Despite widespread regulatory non-interventionism[1] on the subject of male circumcision, it is possible to identify a homogeneous attitude of tolerance on the part of the various European and Western legal systems: the performance of the practice is seen on the one hand as an expression of freedom, especially religious freedom, and on the other hand as the exercise of one of the powers inherent in parental responsibility, that of the right and duty of parents to transmit their cultural and religious values to their offspring.
Male circumcision is usually considered a 'medical act' by which, even to a minimal and tolerated extent, the physical integrity of the individual or minor is undermined. Therefore, its lawfulness is often subject to the application of certain precautions and usually assisted by the rules governing medical treatment.
In general, there is therefore a balancing act between the value of the physical integrity of the individual and the child involved, as well as his or her right to health, and that of his or her or their parents' religious and/or cultural freedom. The latter are guaranteed, provided that, through certain precautions (e.g. respect for certain accredited practices in the medical-surgical sphere, the regulation of parents’ consent, etc.) suitable for reducing the risks inherent in the practice, a minimum protection of the child’s rights at stake is also ensured.
In Italy too, male circumcision is considered compatible with the discipline of Article 5 of the Civil Code concerning acts of disposition of one's own body.[2] However, in terms of criminal law, as emerges from a well-known ruling on the subject,[3] the balance seems to be differentiated according to whether one is referring to a 'religious' or 'ethnic-cultural' circumcision.
Religious circumcision, which, moreover, is identified in the pronouncement mostly with Jewish circumcision, is afforded absolute protection by Article 19 of the Constitution on freedom of worship and by the Law of Agreement between the State and the Jewish Community (Law 101/1989).

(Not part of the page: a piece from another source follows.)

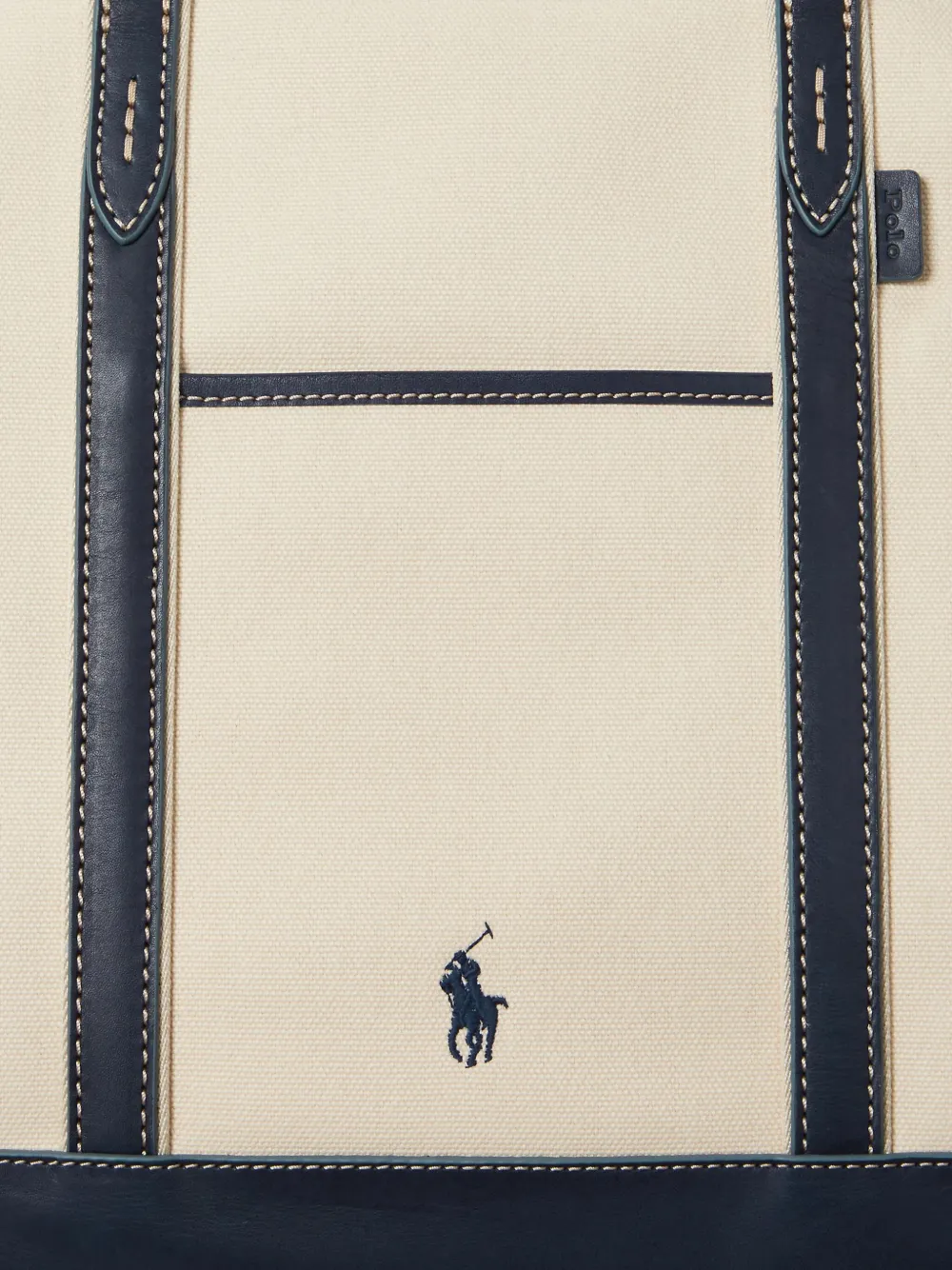 Polo Ralph Lauren Canvas shopper met leren afwerking Beige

In this case, the predominantly religious nature of the act is affirmed and the medical reservation does not apply.[4]
In relation to ethno-cultural circumcision, performed apparently for reasons of ethnicity, the ruling in question excludes the configurability of a cultural exemption, finding no basis in the legal system, although in the case at hand it recognises non-punishability due to excusable ignorance of the criminal law.[5] Cultural rights have very little place in this issue.
​When compared to other cultural practices that are prohibited on the basis only of their potential risk,[6] it is actually surprising that the Italian legal system allows religious male circumcision while never questioning the permanent change caused to the physical integrity of the minor, and his lack of consent: probably the familiarity with the practice brought to Italy centuries ago by the Jewish community, and the political consequences of prohibiting a practice which is already so widespread contribute to the status quo. The question of harm focuses, in Italy, on the ways in which male circumcision is performed. In the prevailing discourses within Italy, as well as in Europe and the West, it is not the practice itself that causes harm, but its performance by persons of dubious competence and/or in unsuitable contexts, such as in the home. It is in these cases that consequences such as permanent injury (e.g. the penis is cut more than needed by the ordinary circumcision) and in the most serious, though particularly rare, cases, death (e.g. by hemorrhage) can result from the practice.
The Italian balancing scheme produces, in our opinion, some inconsistencies.
Firstly, the distinction between religious circumcision and ethno-cultural circumcision omits the fact that both are performed without child consent and both produce a permanent alteration of the child’s genitals, therefore permanently affecting his physical integrity even if the circumcision is well performed. Judgements that reflect more on the rights of the child could help to put questions of the legitimacy of the practice back into the intercultural debate.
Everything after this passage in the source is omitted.